The sociological impact of the Dunning-Kruger is often understated and hidden under the expectation of social lubrication, but this breaks down during human-LLM communication. Humans and LLMs occupy different ends of domain expertise: Humans can understand the world, society and other humans better, but LLMs have access to nearly all the world's knowledge. One may imagine alignment as making AI more kind, more helpful and other qualities that make it more anthropomorphic, but the conditions for this to occur may be more difficult than expected, because it is rooted in a communication "tax" that happens during a conversation.

The simplest case of humans consulting LLMs similar to searching Google in an area they are unfamiliar with results in a situation where the LLM has more domain knowledge than a human. In this case, the human would typically expect the LLM to "dumb down" the topic, either implicitly or after requests, so the human would understand. This "dumbing down" is a tax the LLM pays, in terms of tokens and electricity, to communicate to someone with lesser domain knowledge.

On the other hand, when the human is the expert and the LLM is responding in the average register it has learned, the tax flips. The human pays it in long preference prompts, in re-prompting, in the mental work of filtering out hedges that shouldn't have been there.
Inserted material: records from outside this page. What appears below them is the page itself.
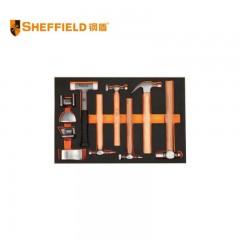 钢盾 SHEFFIELD S025050 11件锤子类工具托组套
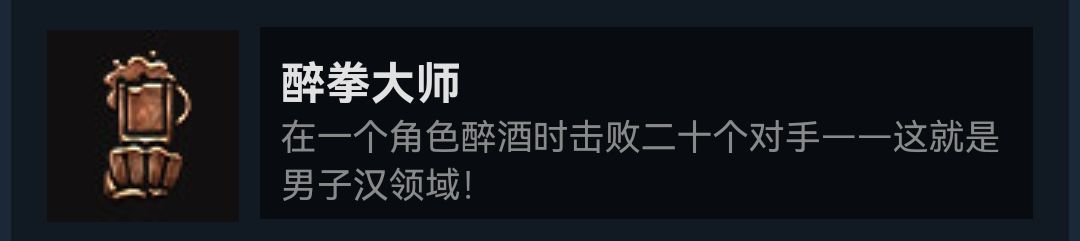 《博德之门3》做醉酒大师成就需要注意什么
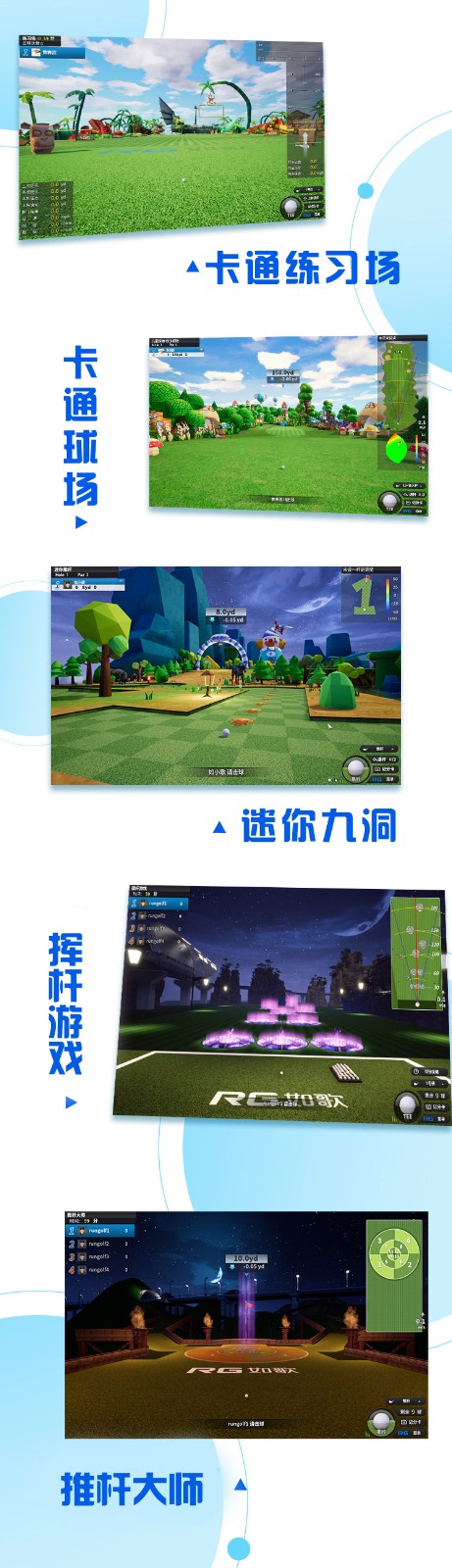 卡通、游戲，高爾夫不難、有趣.jpg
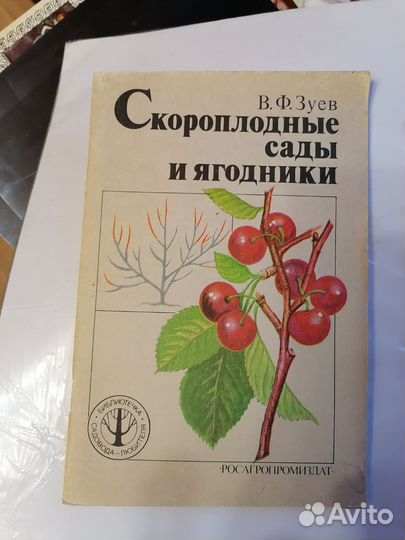 Для садоводов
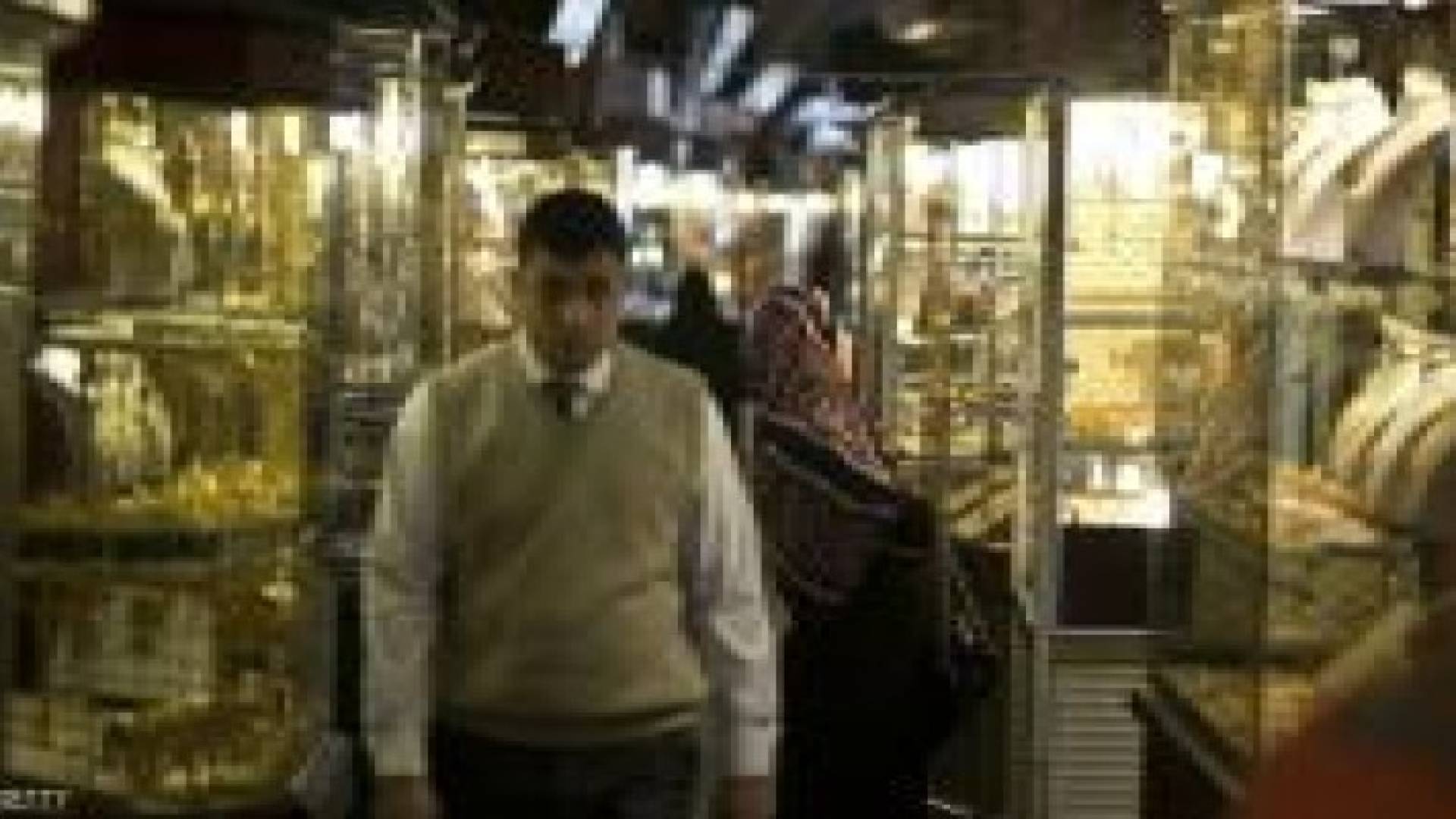 الذهب يحافظ على مكاسبه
In human-to-human conversation this gets papered over by social lubrication like tone of voice, softening when you're not sure, backing up when you notice you've lost the other person etc. Across enough interactions both sides build a model of each other and the lubrication becomes what the calibration rests on.

LLMs have mechanisms aimed at this, including user preference prompts, CLAUDE.md and similar project-level rules, and explicit memory features in some chatbots. They are how the calibration is built today, and they work to a point but the mechanisms are clumsy and carry hidden failure modes. The user has to write the calibration explicitly. Worse, the user has to figure out what dimensions to name in the first place, and the dimensions of human-side cost are not obvious. The user has no visibility into what the model actually internalized versus what it discarded, and calibration written for one task tends to misfire in another.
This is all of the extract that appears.